Aslında bu soruyu sürecin zulmüne ve gadrine kalan bizler de kendimize soruyoruz. Bu çirkin, hadsiz, müfteri fırtına geçtikten sonra ne yaparız, tekrar Türkiye’ye döner miyiz? Tekrar aynı mahallelerde, aynı evlerde yaşar, bizi ihbar eden komşularımızın yüzüne bakar mıyız? Yolda, apartmanda karşılaştığımızda nasıl bir tavır içinde oluruz?

Ya da meslektaşlarımızla nasıl bir ilişki kurarız? Gazetede köşe yazarı olabilmek için eşiklerde yatan, kırk kere ziyarette bulunup gazete yönetimini ikna etmeye çalışan ama konjonktür değişince höyküre höyküre iftira atanlarla ilişkilerimiz nasıl olur? En önemlisi elimize fırsat geçince bunlara nasıl davranırız? Onlardan intikam alır mıyız?

Ya da hiçbir şey olmamış gibi mi davranırız? Affeder miyiz?

Sanıyorum bu soruyu herkes kendine soruyordur. Bu öylesine zor, cevabı da bir o kadar da kompleks bir soru ki.

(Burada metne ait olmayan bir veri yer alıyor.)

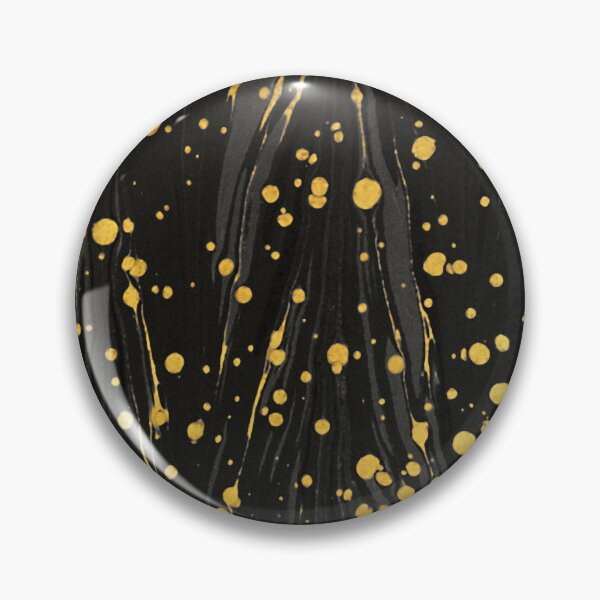 Item preview, ABSTRACT BLACK MARBLED PAPER WITH GOLD SPLASHES designed and sold by BulganLumini.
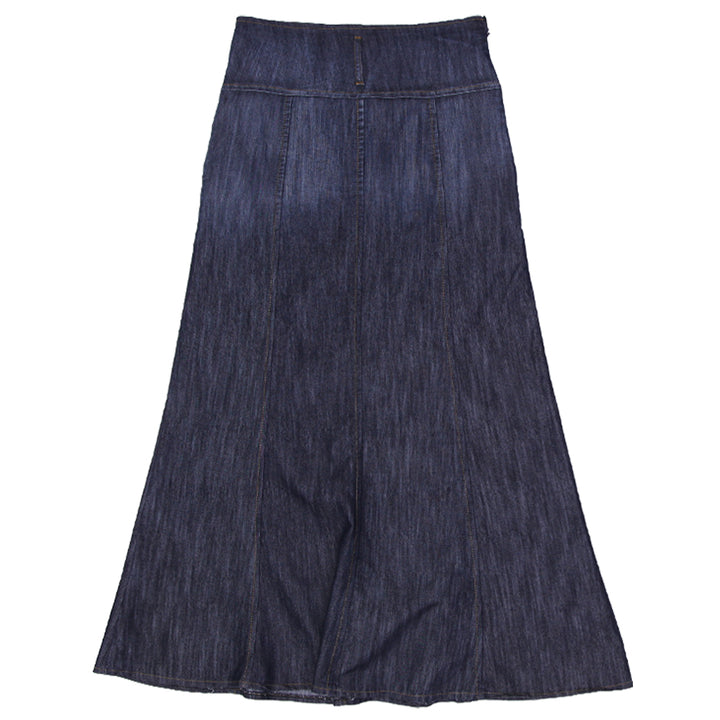 Y2K Ladies Flared Denim Long Skirt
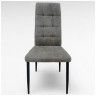 DC611 стул на металлическом каркасе с обивкой искусственным нубуком, цвет тепло-серый / каркас антрацит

Binlerce insan yalnız hapsedilmeyle, cezalandırılmayla, aç susuz bırakılmayla ya da evinden yurdundan ayrılmak zorunda kalmayla değil en yakınlarının ihanetleriyle de ölümcül yaralar aldı.

Yıllarca içtikleri su ayrı gitmeyen, çocukluktan beri en zor zamanları beraber aşmış arkadaşlarının bir anda selamı sabahı kesmeleri, can dostum dediği komşularının ihbarları ruhlarını paramparça etti. Ya da Ege’nin, Meriç’in soğuk sularından çıkartılan çocuk cesetlerine bakıp bir şey yapamıyor olmanın ezikliği, tanıdıklarının cezaevlerinde hastalıkla öldürülmeleri herkesin ruhunda asla kapanmayacak yaralar açtı. Çok boyutlu ve kuralı olmayan bir saldırıya maruz bırakıldılar. Bu kuralsız saldırı yüz binlerce insanın ruhunda tedavisi mümkün olmayacak travmalara sebep oldu. Namert bir düşmanla savaşmaktan kaynaklanan belirsizlikler de travmanın katlanmasına neden oldu.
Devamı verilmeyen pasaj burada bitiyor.